Task objective:
Repeat the lines from the one containing "Custom Made KIDS" through the last line of the data, exactly, pictures omitted.

:: Raw data

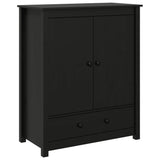 Black Sideboard 83x41.5x100 cm Solid Pine Wood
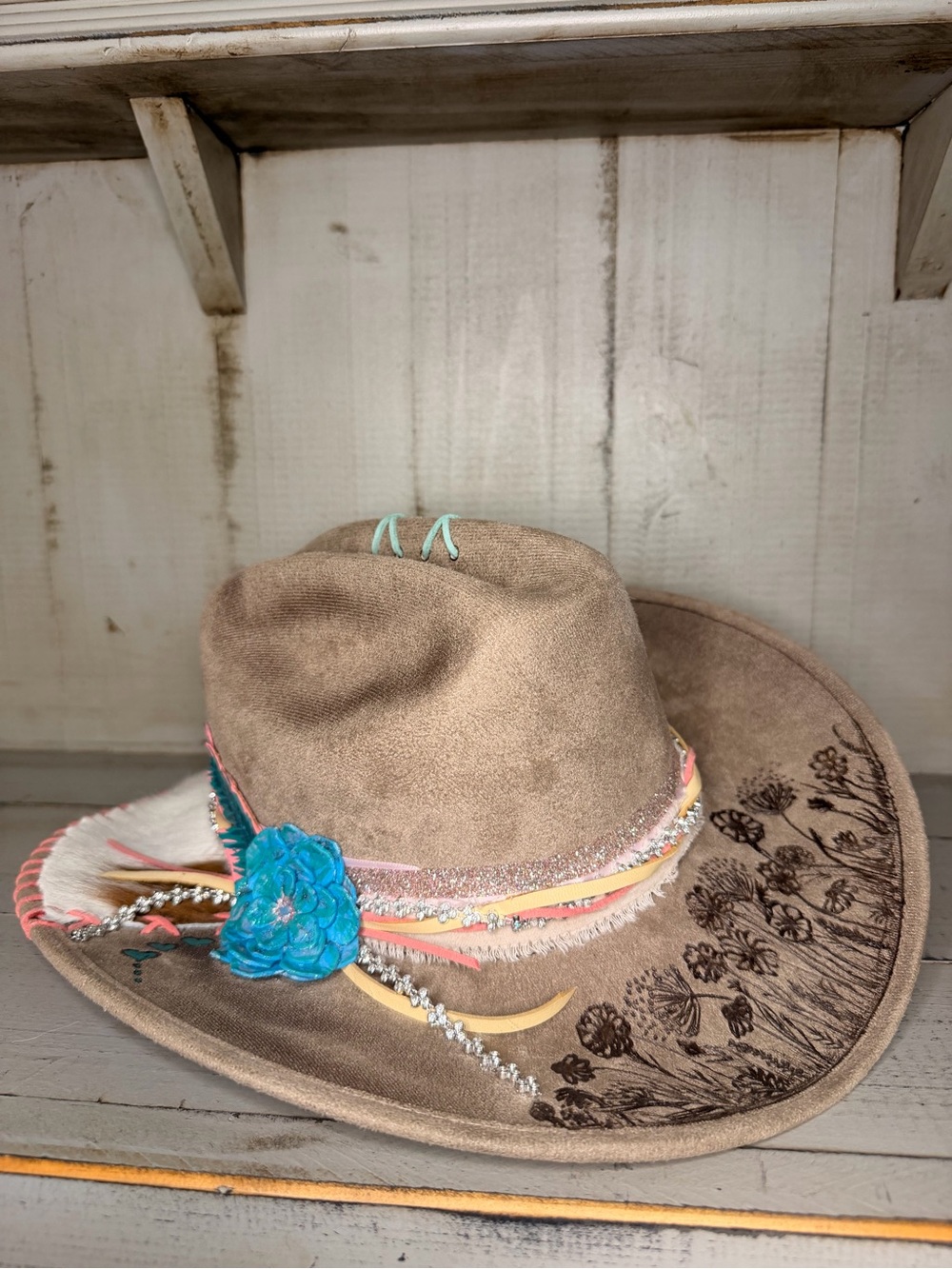 Custom Made KIDS LARGE Boho Tan Felt Western Hat with Custom Details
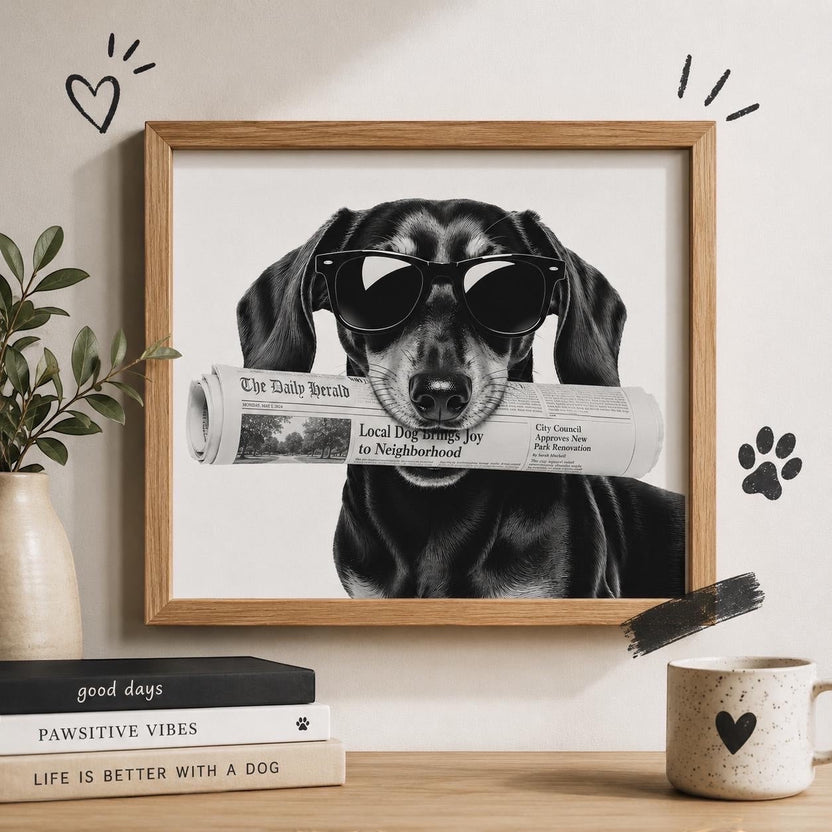 Chévereh black and white dachshund digital art print featuring a dog wearing sunglasses and holding a newspaper.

::::

Solution to this exercise:
 Custom Made KIDS LARGE Boho Tan Felt Western Hat with Custom Details
 Chévereh black and white dachshund digital art print featuring a dog wearing sunglasses and holding a newspaper.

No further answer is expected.